| DIRECTIONS FOR THIS TASK |
Reproduce, word for word, the lines in the material below starting with the one that has "Kuru soğan reçeli" and going on through the one that has "Man doesn't want". Leave out all pictures.

| SOURCE INFORMATION |
/---
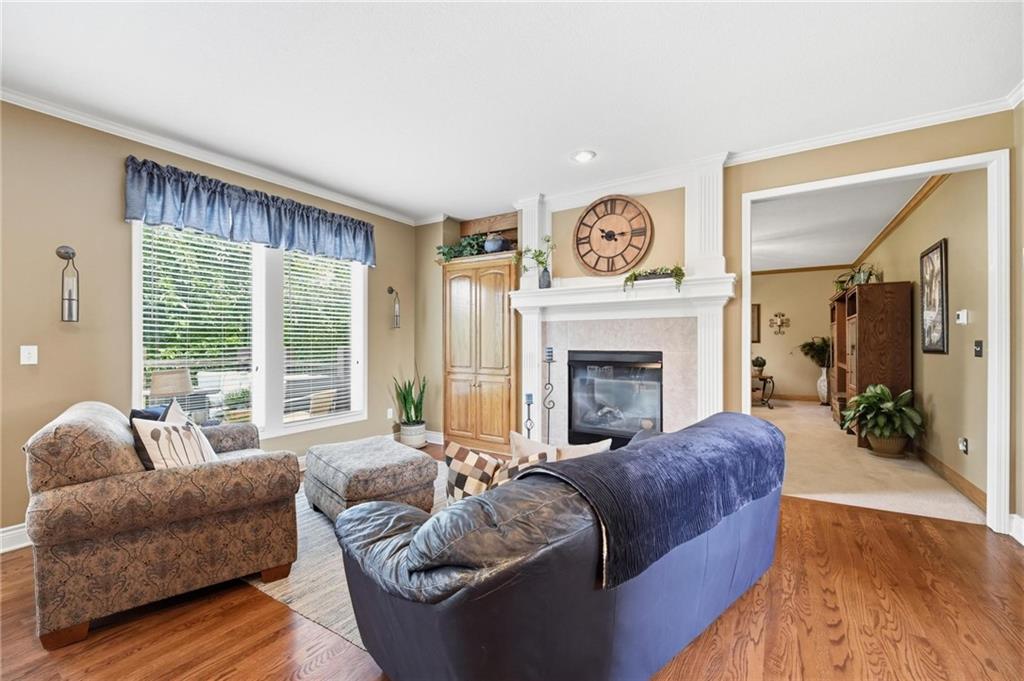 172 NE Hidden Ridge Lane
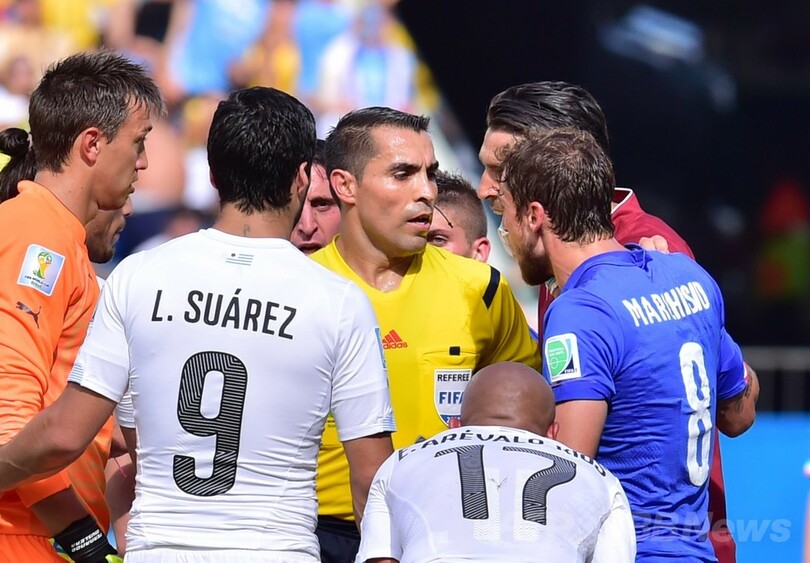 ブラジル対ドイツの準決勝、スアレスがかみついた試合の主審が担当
\---
/---
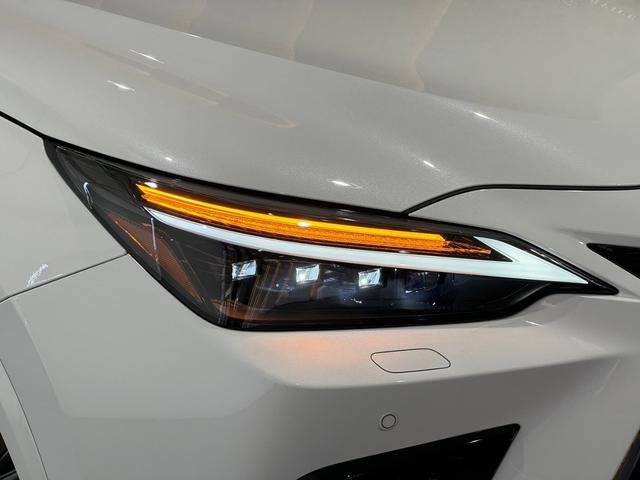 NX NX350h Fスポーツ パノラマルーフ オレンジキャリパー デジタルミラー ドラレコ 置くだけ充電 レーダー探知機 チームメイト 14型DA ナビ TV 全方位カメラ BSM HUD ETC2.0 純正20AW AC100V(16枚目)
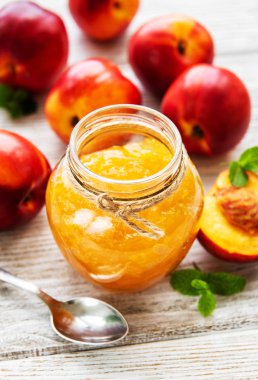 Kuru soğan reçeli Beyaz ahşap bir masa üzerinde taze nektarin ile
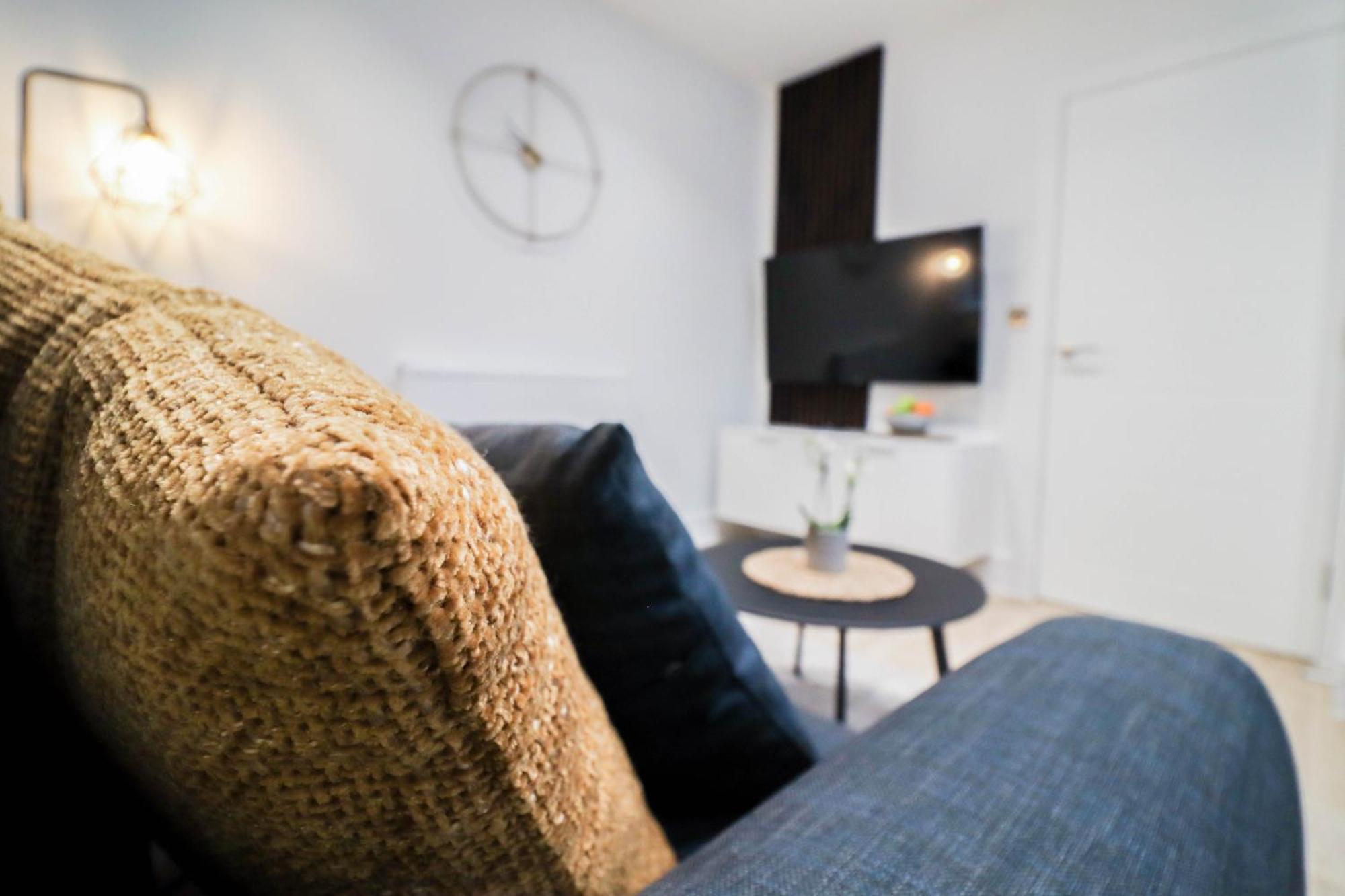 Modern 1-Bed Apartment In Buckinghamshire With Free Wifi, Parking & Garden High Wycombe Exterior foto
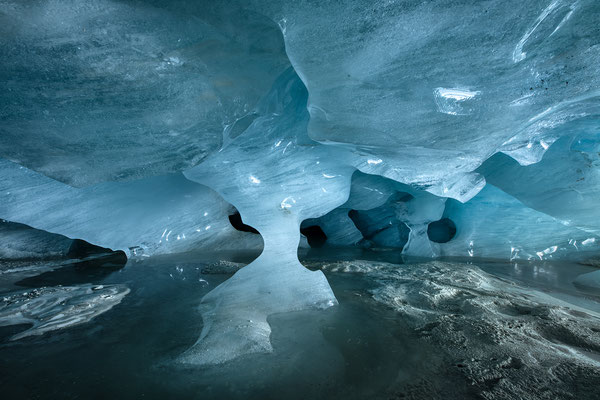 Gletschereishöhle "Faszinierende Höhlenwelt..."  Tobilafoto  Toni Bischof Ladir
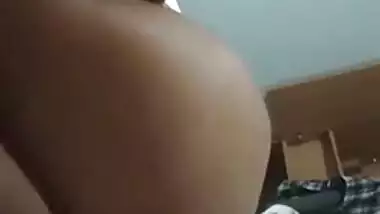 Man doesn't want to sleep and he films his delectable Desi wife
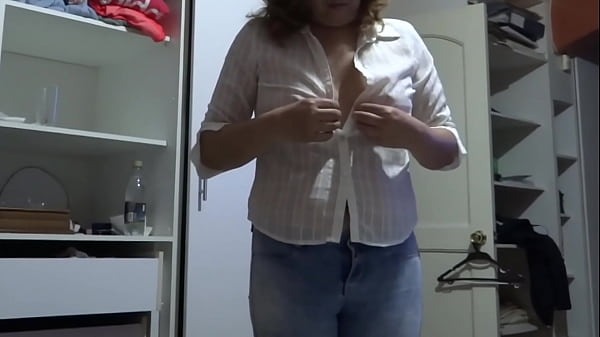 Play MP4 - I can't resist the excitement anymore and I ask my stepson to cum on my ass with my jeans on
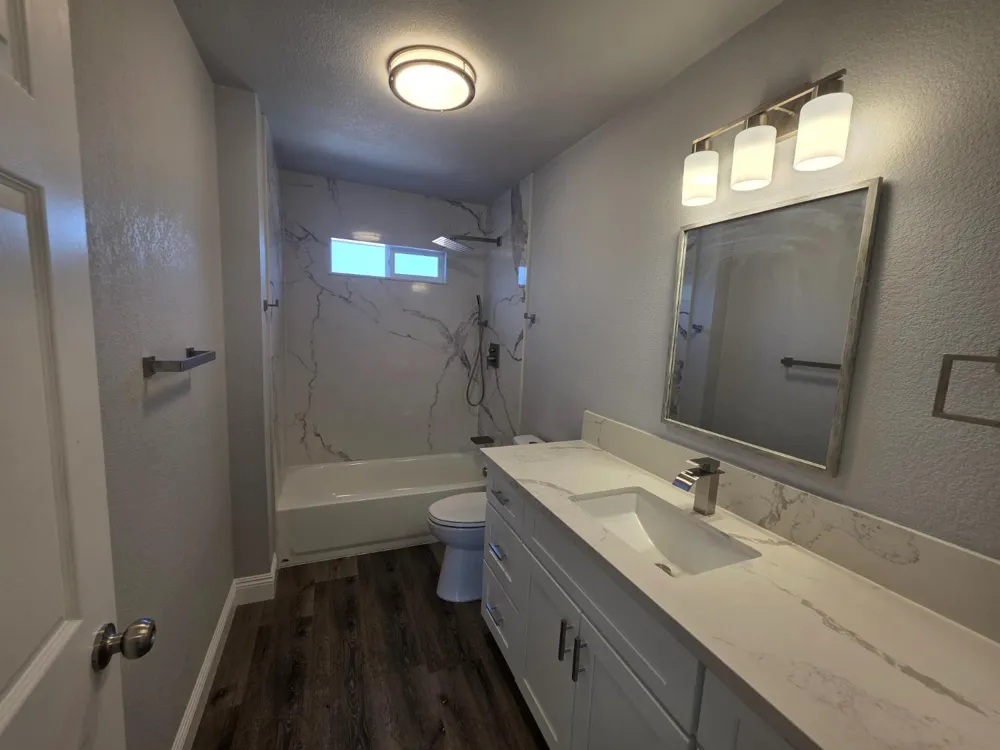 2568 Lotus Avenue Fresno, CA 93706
\---
| ANSWER AREA |
 Kuru soğan reçeli Beyaz ahşap bir masa üzerinde taze nektarin ile
 Modern 1-Bed Apartment In Buckinghamshire With Free Wifi, Parking & Garden High Wycombe Exterior foto
 Gletschereishöhle "Faszinierende Höhlenwelt..."  Tobilafoto  Toni Bischof Ladir
 Man doesn't want to sleep and he films his delectable Desi wife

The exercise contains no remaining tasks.